[Image-text web data]
BEGIN

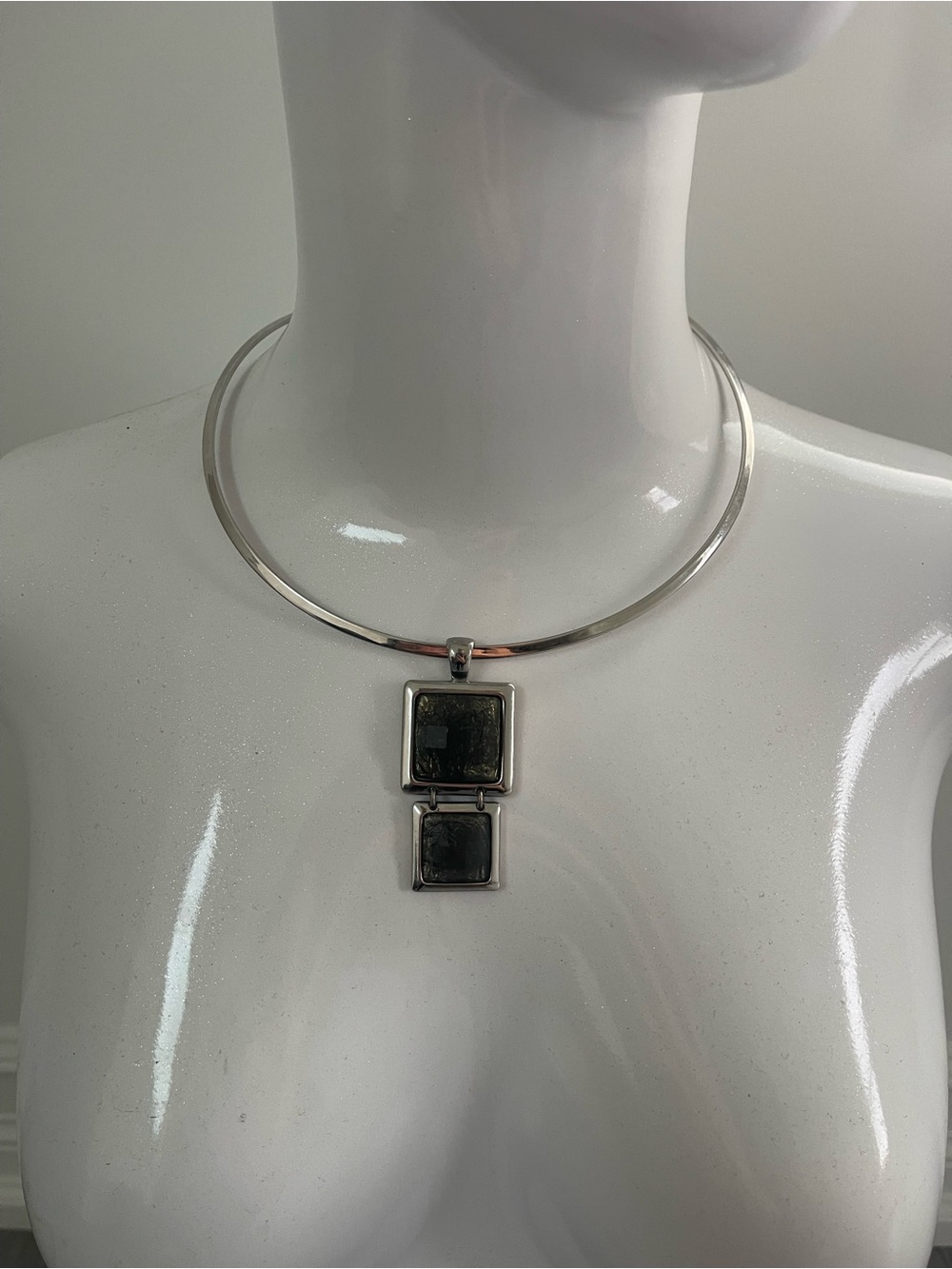 (Set) Silver Choker Necklace with Black Square Pendant + bracelet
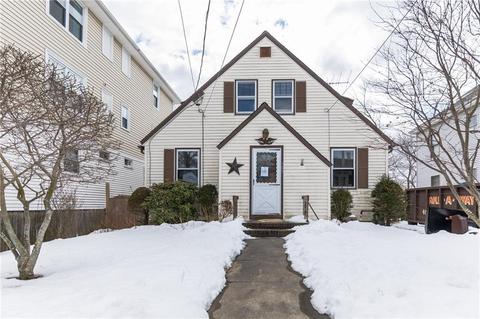 305 Logee St, Woonsocket, RI 02895 photo 5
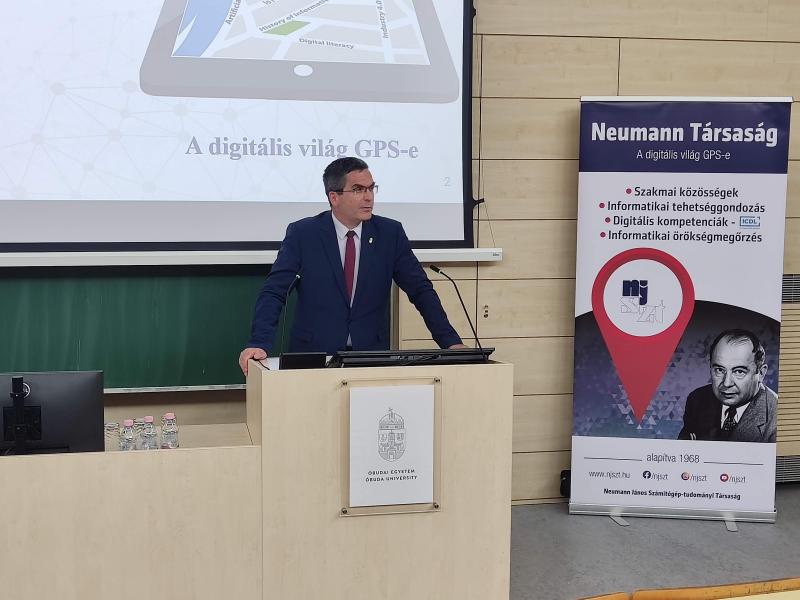 Prof. Dr. Kovács Levente, elnök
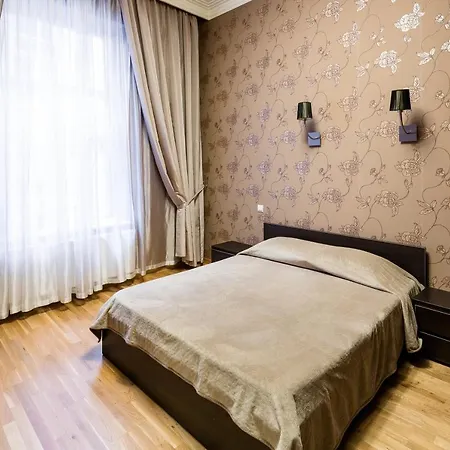 Svobody Avenue 10 Apartamento *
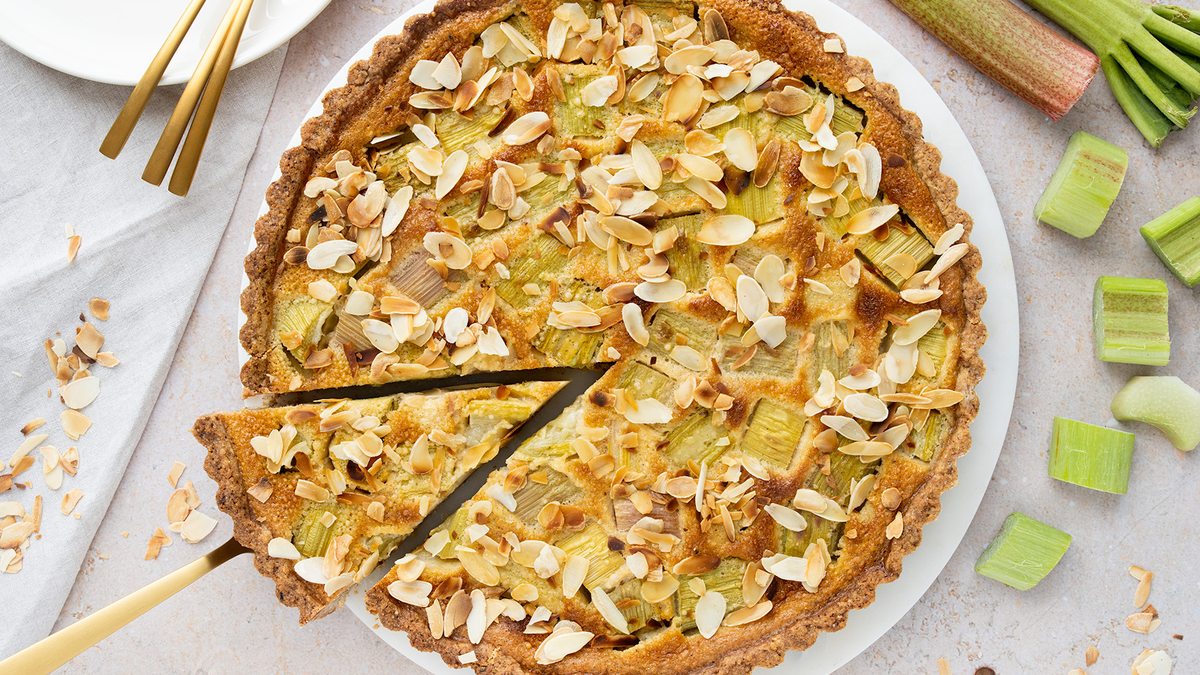 Rhabarbertarte mit Rahmguss
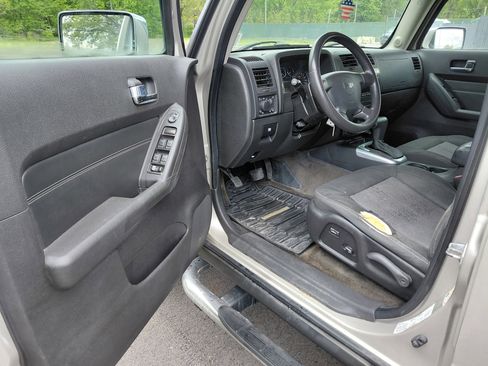 Used 2009 HUMMER H3 w/ Chrome Appearance Package AWD/4WD image 15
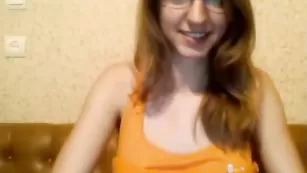 Смазливая цыпочка CamDoll общается во фри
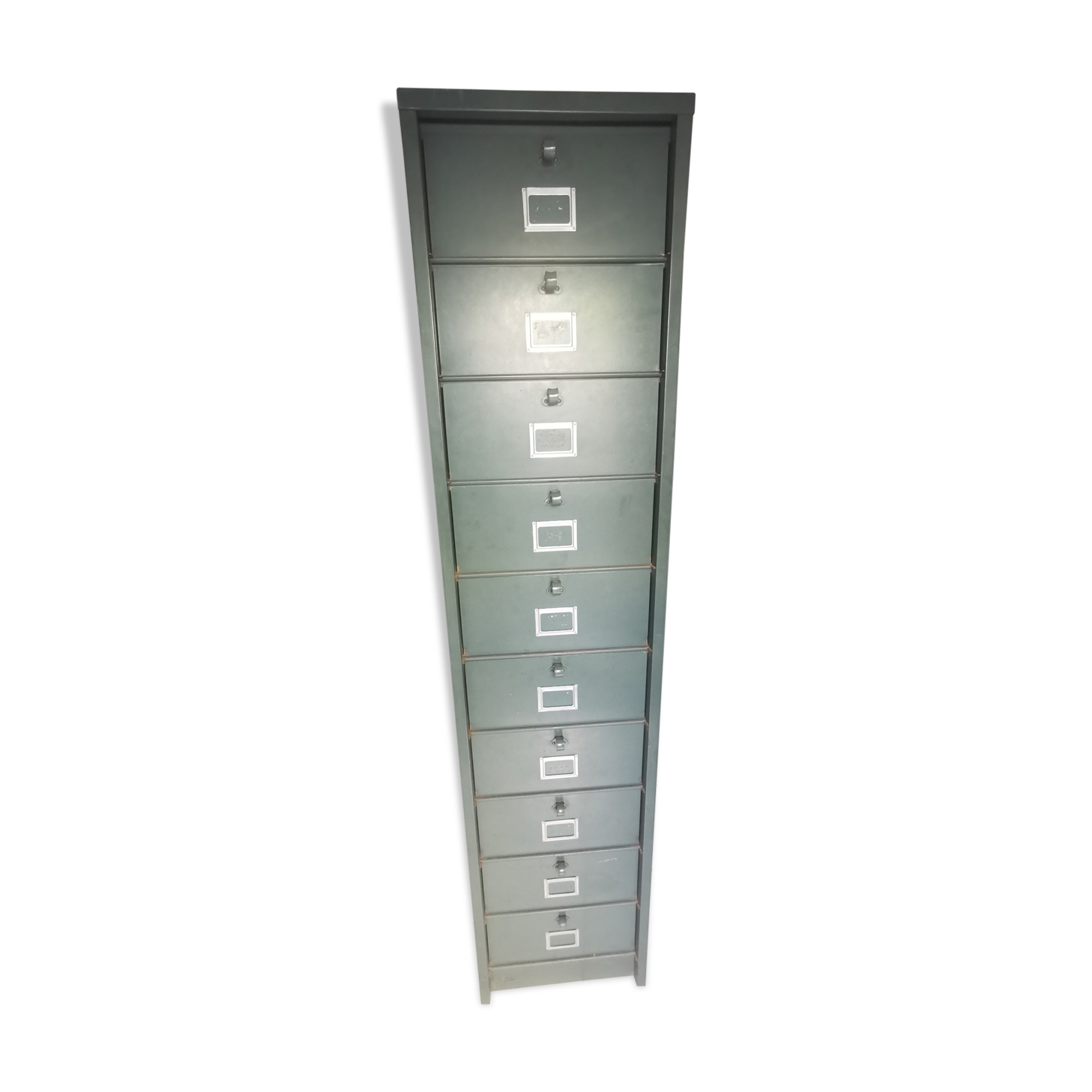 Metal cabinet with strafor valves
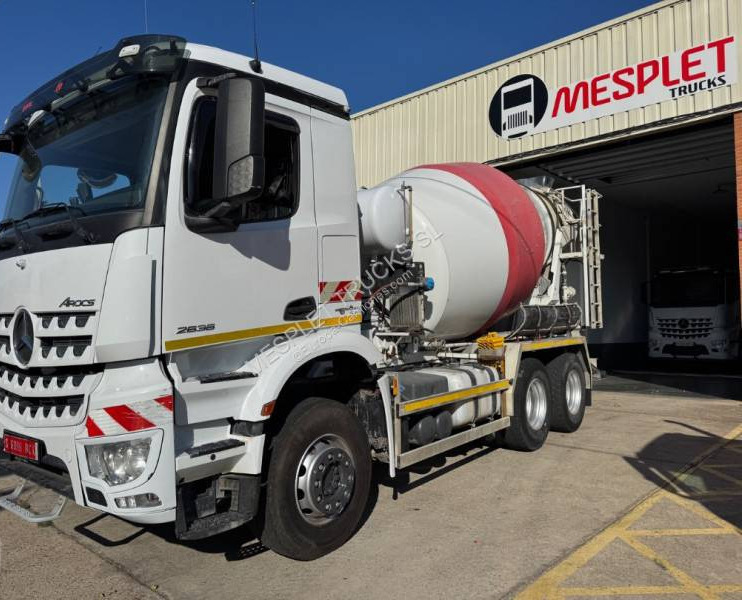 Mercedes Arocs 2636 K - Fahrmischer: das Bild 1 Mercedes Arocs 2636 K - Fahrmischer: das Bild 1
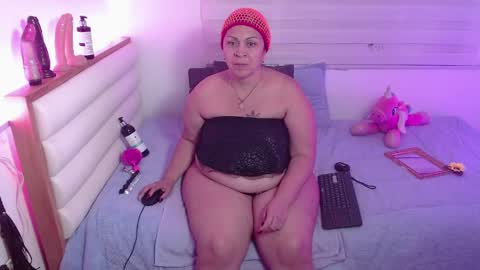Snapshot of scarlettbooty chatting on May 2, 10:20 am scarlettbooty online show from May 2, 10:20 am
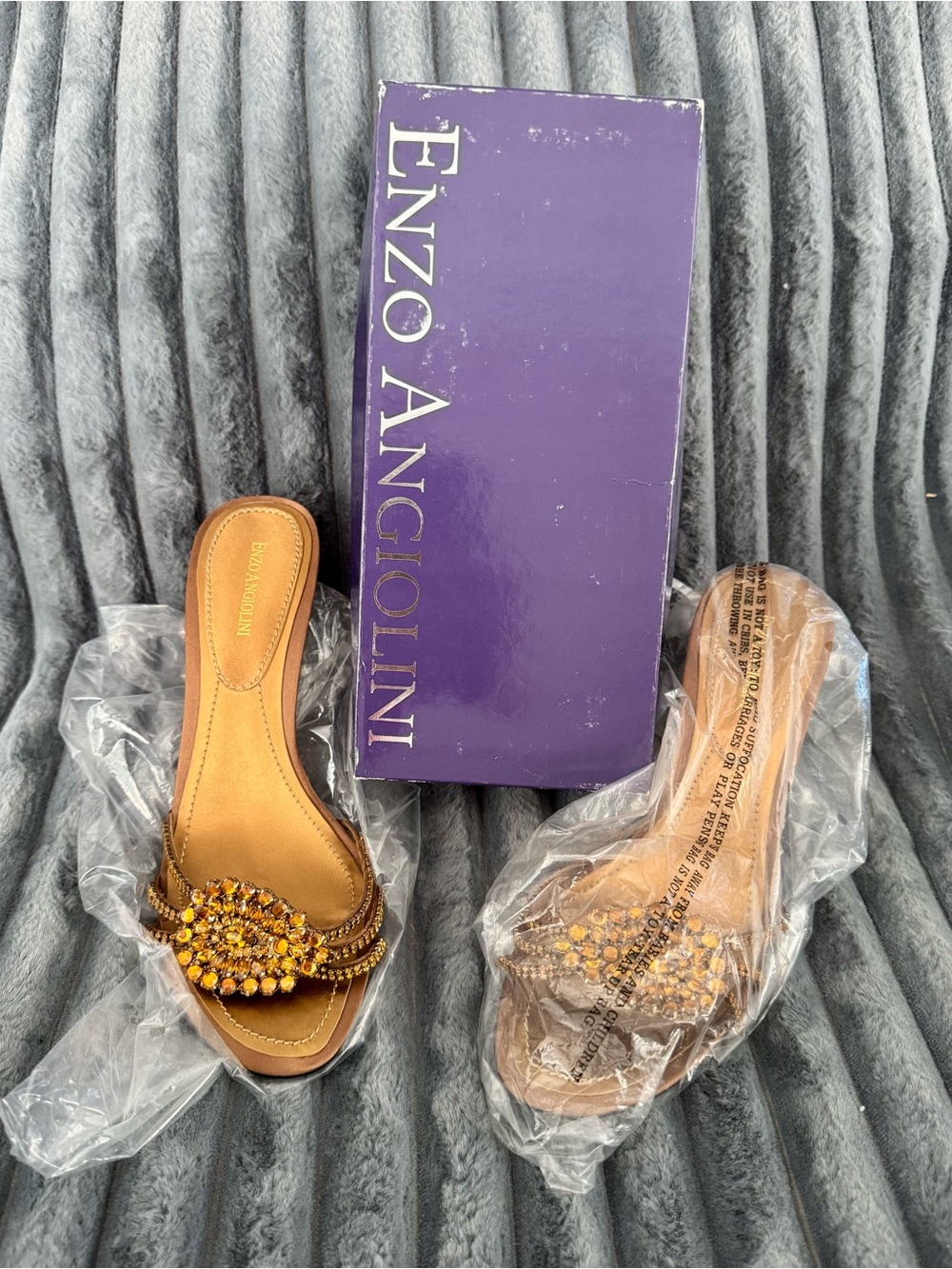 NWT Vintage/Y2K Enzo Angiolini EAXCELL Brown Satin Jeweled Kitten Heels 9.5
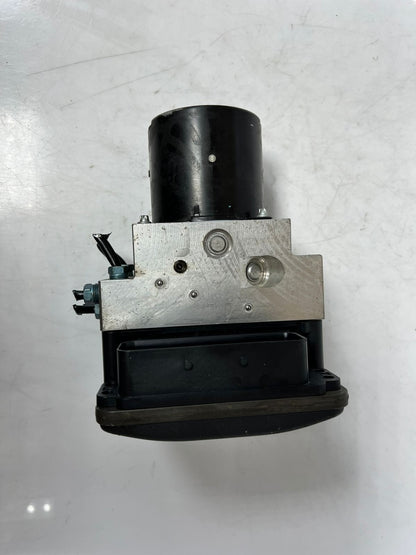 2010-2015 BMW 5 7 Series F01 F02 F07 Gran Turismo 740i ABS Pump 6795069 OEM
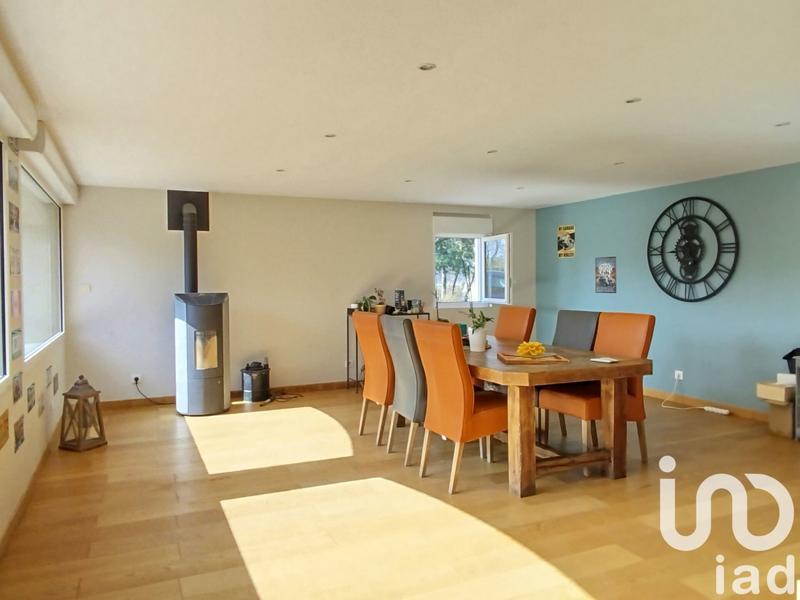 Maison - 223 m² - 8 pièces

END

- [WHAT NEEDS TO BE DONE] Would you return all the data exactly as given, minus the pictures?

- [TASK RESULT]
 (Set) Silver Choker Necklace with Black Square Pendant + bracelet
 305 Logee St, Woonsocket, RI 02895 photo 5
 Prof. Dr. Kovács Levente, elnök
 Svobody Avenue 10 Apartamento *
 Rhabarbertarte mit Rahmguss
 Used 2009 HUMMER H3 w/ Chrome Appearance Package AWD/4WD image 15
 Смазливая цыпочка CamDoll общается во фри
 Metal cabinet with strafor valves
 Mercedes Arocs 2636 K - Fahrmischer: das Bild 1 Mercedes Arocs 2636 K - Fahrmischer: das Bild 1
Snapshot of scarlettbooty chatting on May 2, 10:20 am scarlettbooty online show from May 2, 10:20 am
 NWT Vintage/Y2K Enzo Angiolini EAXCELL Brown Satin Jeweled Kitten Heels 9.5
 2010-2015 BMW 5 7 Series F01 F02 F07 Gran Turismo 740i ABS Pump 6795069 OEM
 Maison - 223 m² - 8 pièces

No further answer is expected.